## DESCRIPTION OF THE TASK:
Would you give the listing again exactly as written, minus its pictures?
--- COLLECTED DATA Enclosed Below ---
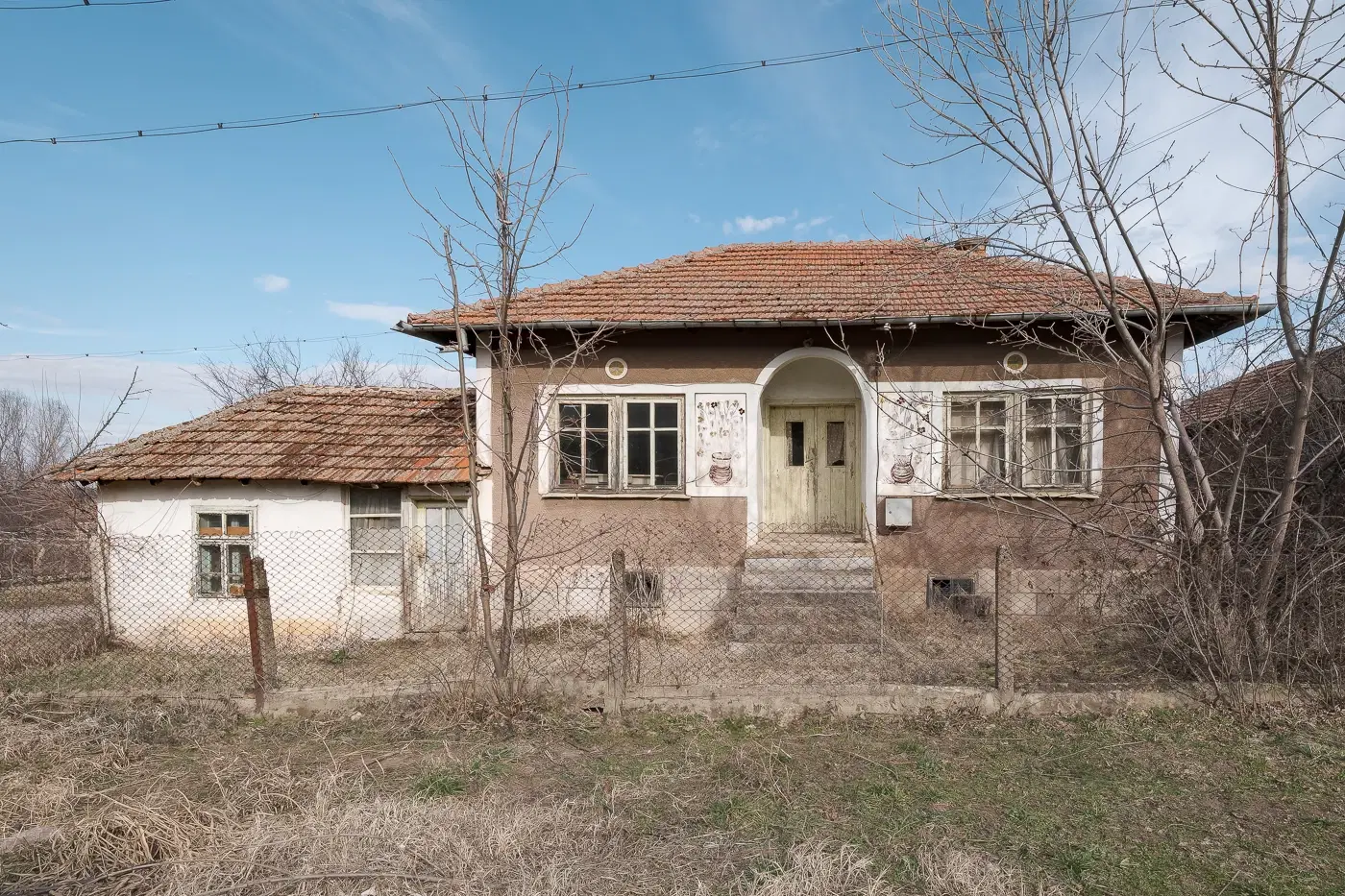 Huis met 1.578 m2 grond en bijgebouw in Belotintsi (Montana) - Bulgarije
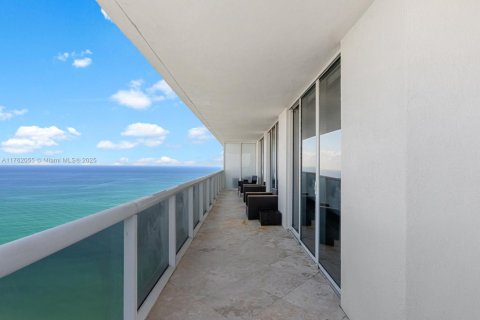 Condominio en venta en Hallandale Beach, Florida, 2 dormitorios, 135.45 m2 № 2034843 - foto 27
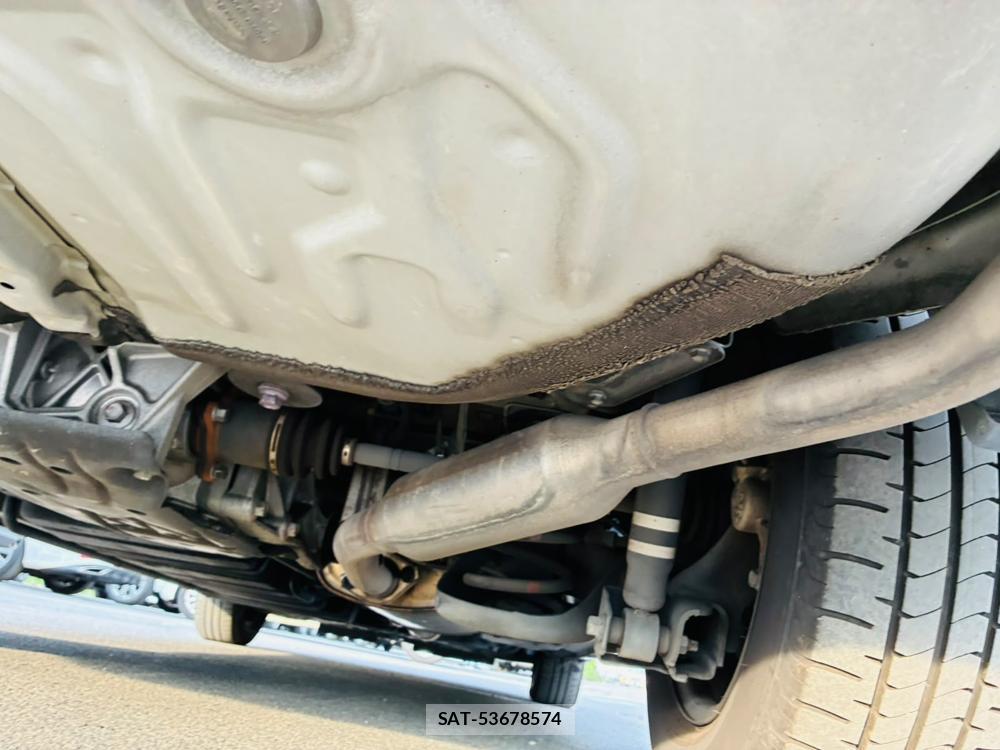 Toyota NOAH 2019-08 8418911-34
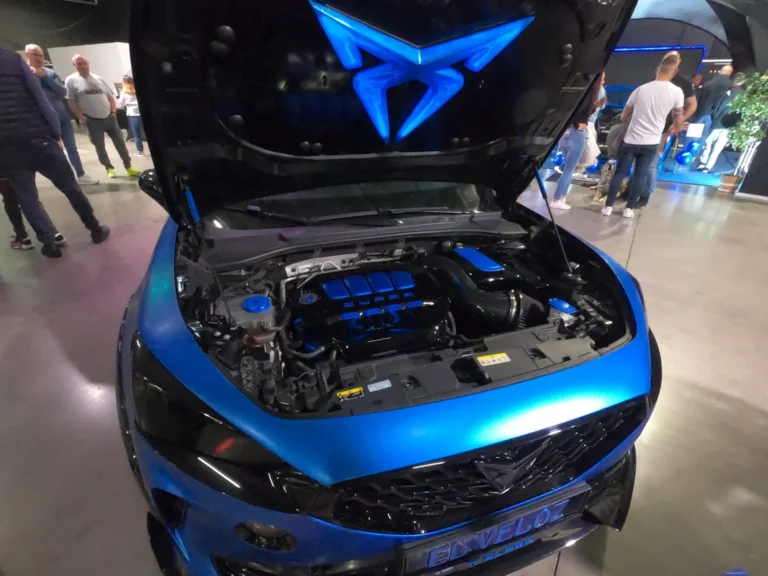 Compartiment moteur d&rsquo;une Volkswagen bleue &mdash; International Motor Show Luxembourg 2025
--- End of Enclosed COLLECTED DATA ---
## FINISHED TASK:
 Huis met 1.578 m2 grond en bijgebouw in Belotintsi (Montana) - Bulgarije
 Condominio en venta en Hallandale Beach, Florida, 2 dormitorios, 135.45 m2 № 2034843 - foto 27
 Toyota NOAH 2019-08 8418911-34
 Compartiment moteur d&rsquo;une Volkswagen bleue &mdash; International Motor Show Luxembourg 2025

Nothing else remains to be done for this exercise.